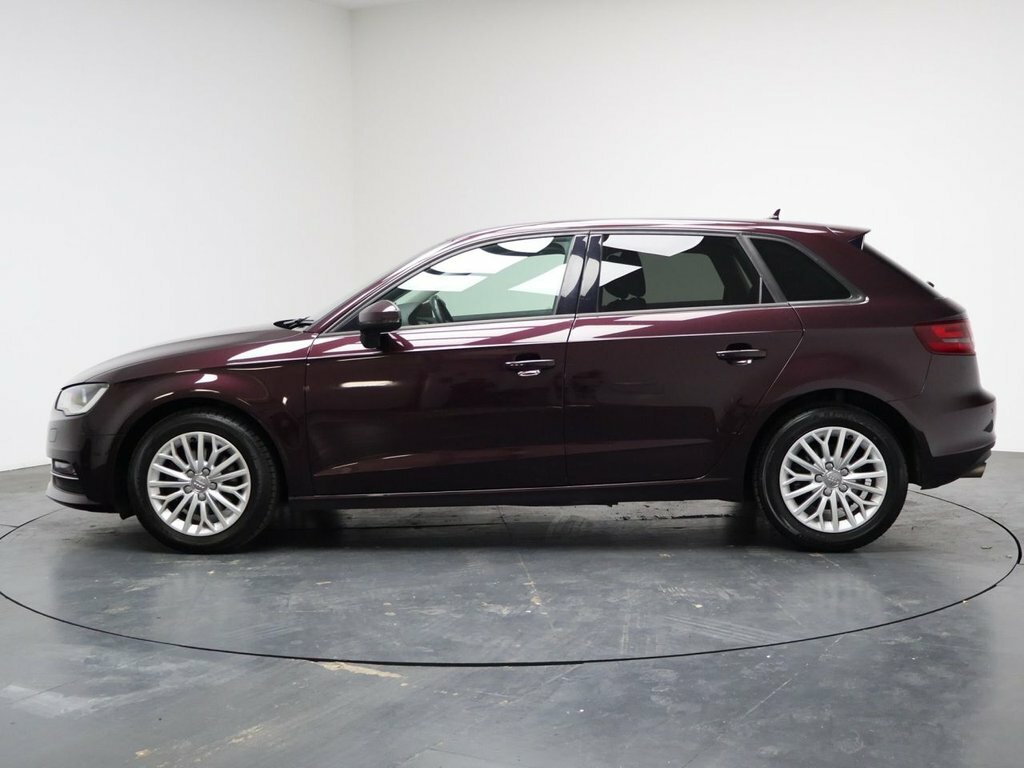 Audi A3 2L Se Technik Red #6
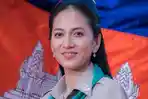 Potret-Ibu-Negara-Kamboja-Pich-Chanmony.jpg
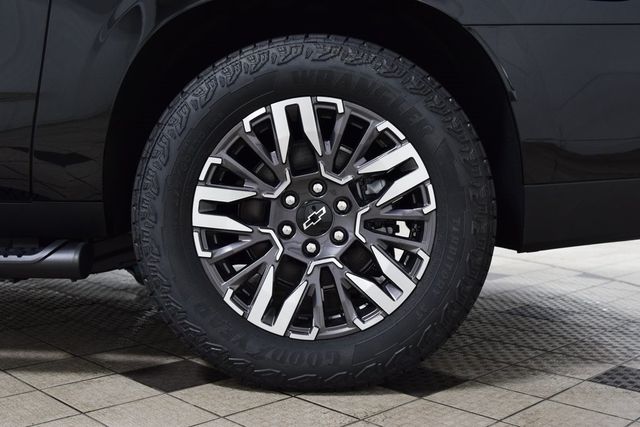 2026 Chevrolet Suburban 4WD 4dr Z71 - 22951991 - 27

* **Instructions for the task**: Without any pictures, return the material above exactly.

* **Solution to this exercise**:
 Audi A3 2L Se Technik Red #6
 Potret-Ibu-Negara-Kamboja-Pich-Chanmony.jpg
 2026 Chevrolet Suburban 4WD 4dr Z71 - 22951991 - 27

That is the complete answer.